■ Task to carry out ■
Extract each line of the material that follows exactly and omit its pictures.

■ Data extract ■
──────
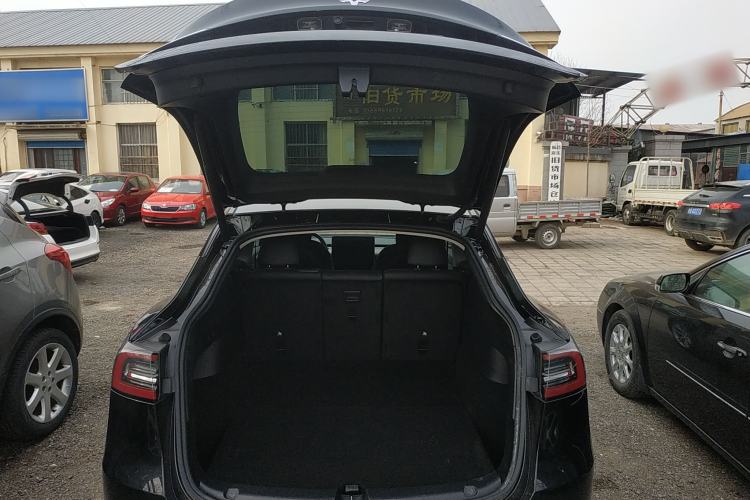 Used Tesla Model Y 2021 Standard Range Rear-Wheel Drive Version Trunk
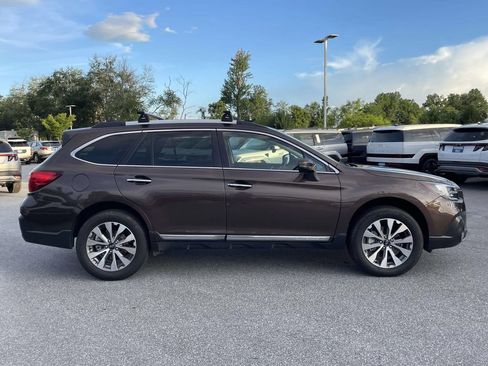 Used 2019 Subaru Outback 2.5i Touring w/ Popular Package #3A AWD/4WD image 31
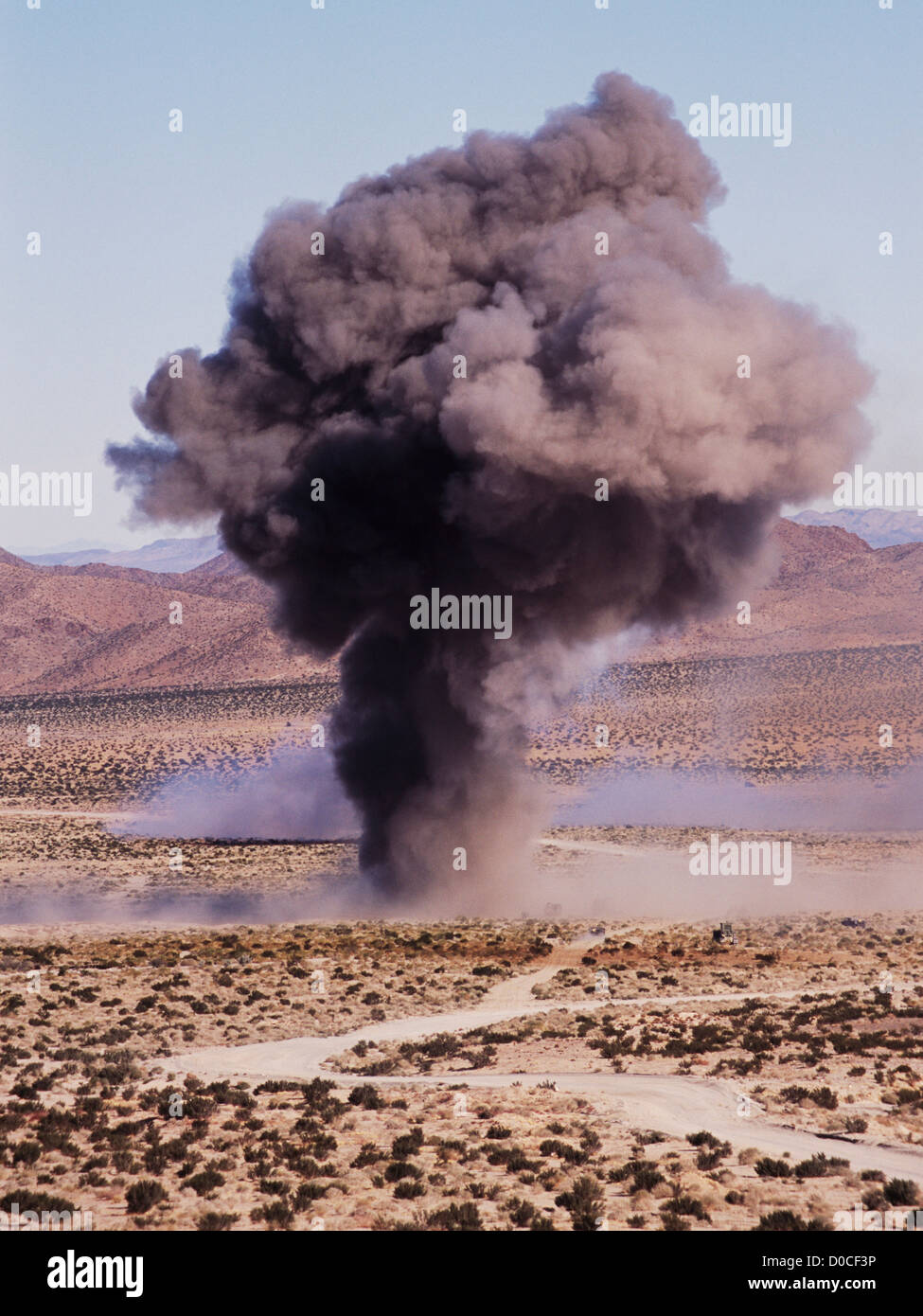 Champignon atomique d'une énorme explosion Banque D'Images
──────
■ Solution for this exercise ■
 Used Tesla Model Y 2021 Standard Range Rear-Wheel Drive Version Trunk
 Used 2019 Subaru Outback 2.5i Touring w/ Popular Package #3A AWD/4WD image 31
 Champignon atomique d'une énorme explosion Banque D'Images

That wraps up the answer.